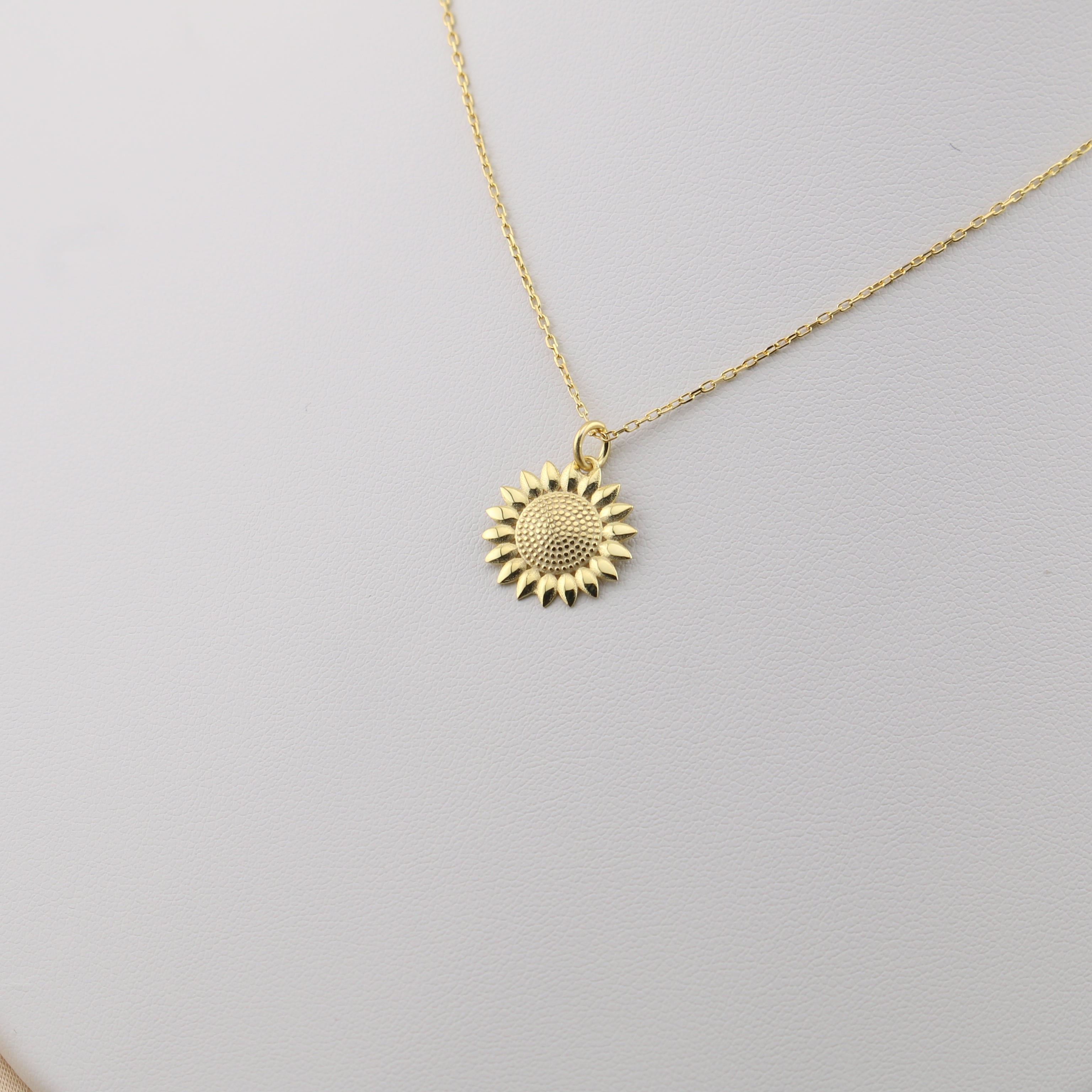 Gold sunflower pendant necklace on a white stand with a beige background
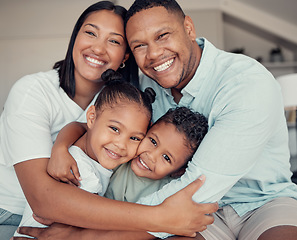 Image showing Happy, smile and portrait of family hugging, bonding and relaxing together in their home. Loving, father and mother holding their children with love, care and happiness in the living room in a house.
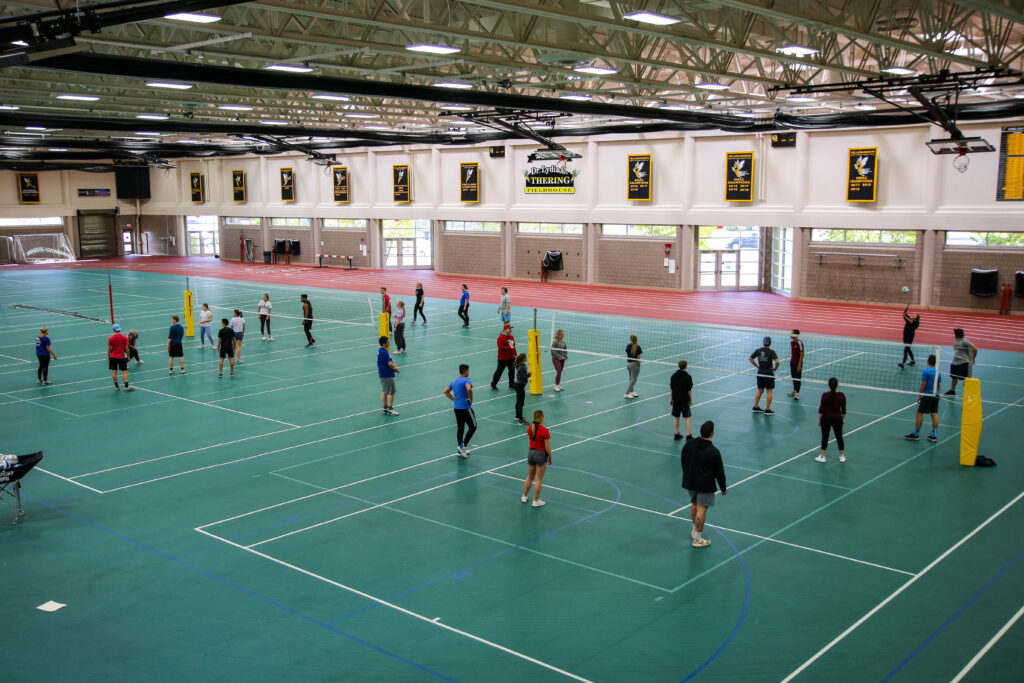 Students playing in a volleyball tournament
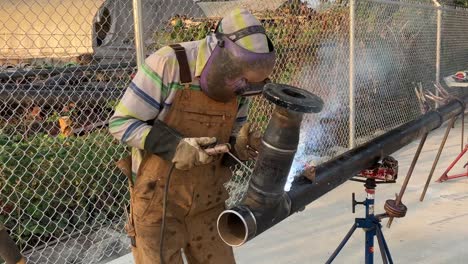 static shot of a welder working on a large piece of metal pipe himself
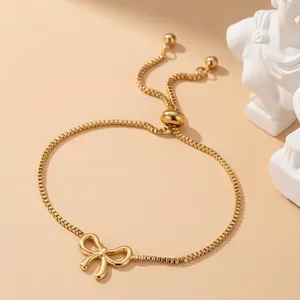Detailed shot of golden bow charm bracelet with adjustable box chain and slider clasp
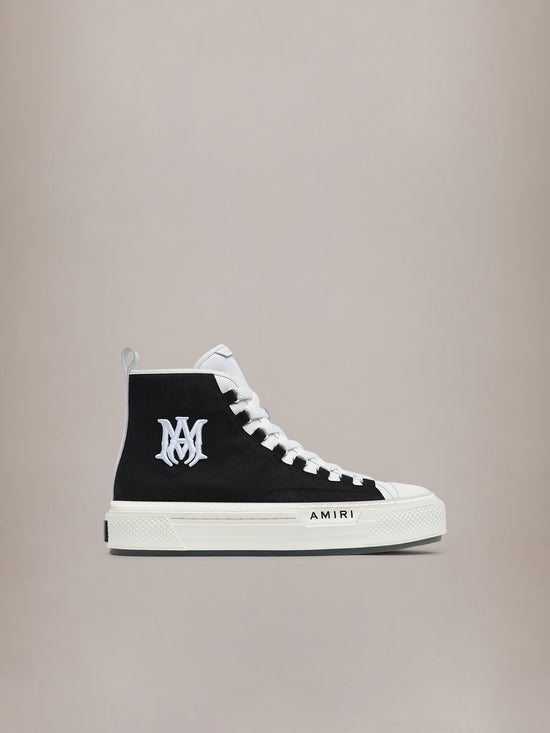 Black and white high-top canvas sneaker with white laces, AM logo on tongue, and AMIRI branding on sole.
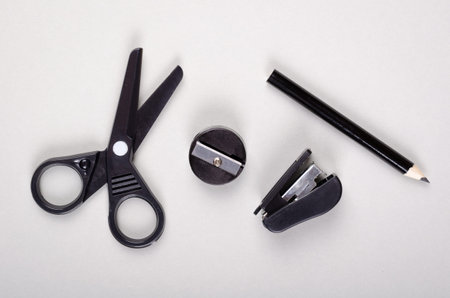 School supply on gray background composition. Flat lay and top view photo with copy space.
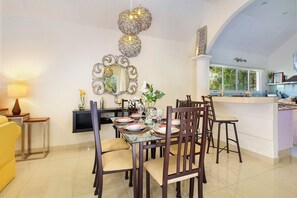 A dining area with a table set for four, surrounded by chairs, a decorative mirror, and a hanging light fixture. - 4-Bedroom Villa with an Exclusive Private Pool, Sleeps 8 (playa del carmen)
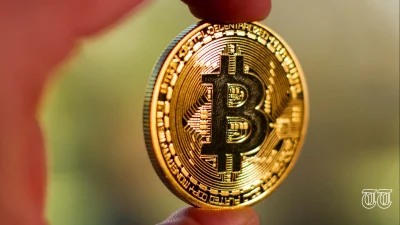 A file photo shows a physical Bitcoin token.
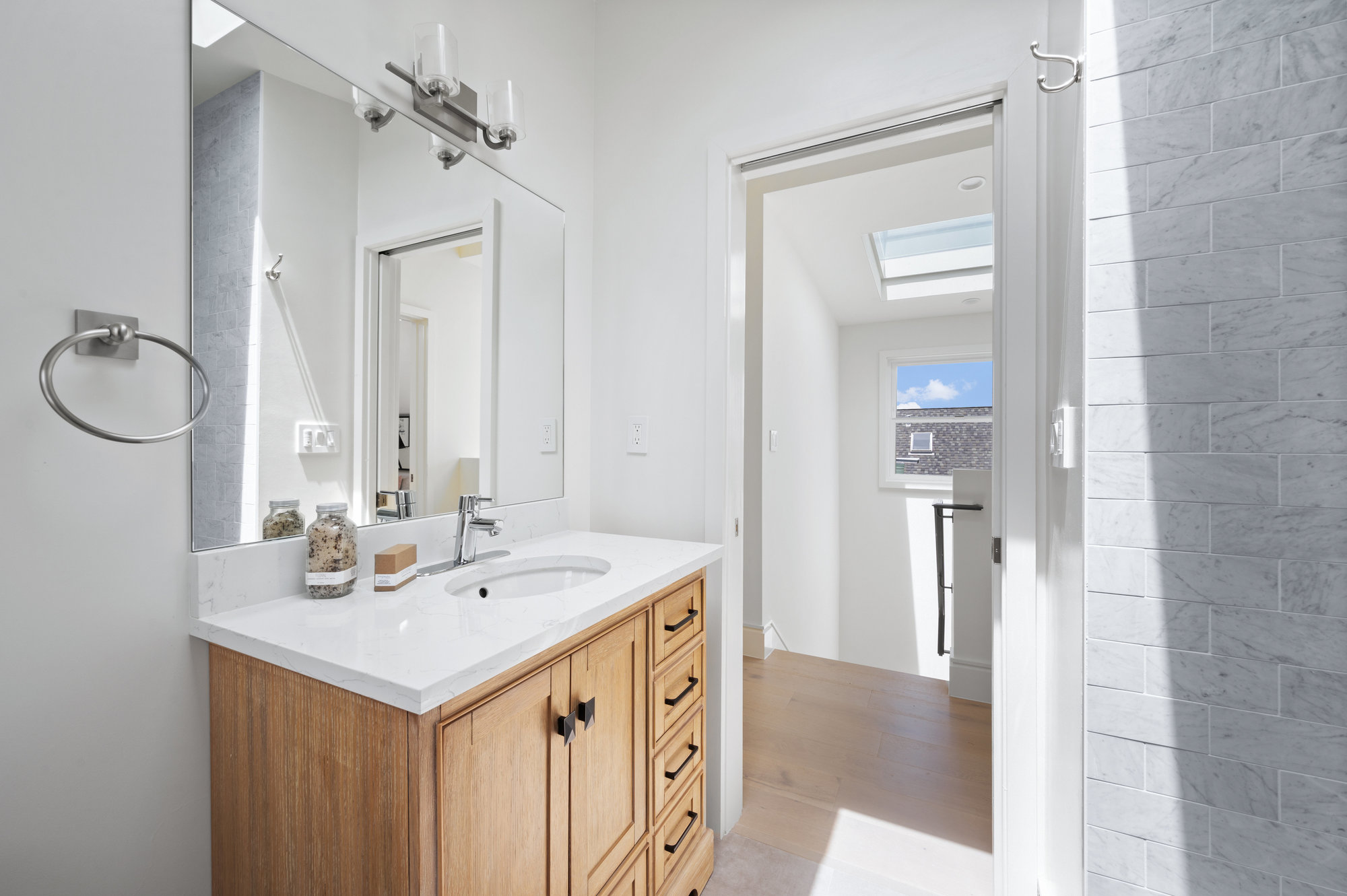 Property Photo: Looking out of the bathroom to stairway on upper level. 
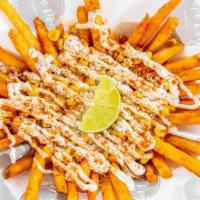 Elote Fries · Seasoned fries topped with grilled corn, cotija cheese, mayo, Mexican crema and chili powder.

◆ ◆ ◆ ◆ ◆ ◆ ◆

Task prompt: Reproduce only the lines from the line that holds "Detailed shot of" through the end of the records, exactly as they stand, both ends included and pictures excluded.

Answer to this task:
Detailed shot of golden bow charm bracelet with adjustable box chain and slider clasp
 Black and white high-top canvas sneaker with white laces, AM logo on tongue, and AMIRI branding on sole.
 School supply on gray background composition. Flat lay and top view photo with copy space.
 A dining area with a table set for four, surrounded by chairs, a decorative mirror, and a hanging light fixture. - 4-Bedroom Villa with an Exclusive Private Pool, Sleeps 8 (playa del carmen)
 A file photo shows a physical Bitcoin token.
 Property Photo: Looking out of the bathroom to stairway on upper level. 
 Elote Fries · Seasoned fries topped with grilled corn, cotija cheese, mayo, Mexican crema and chili powder.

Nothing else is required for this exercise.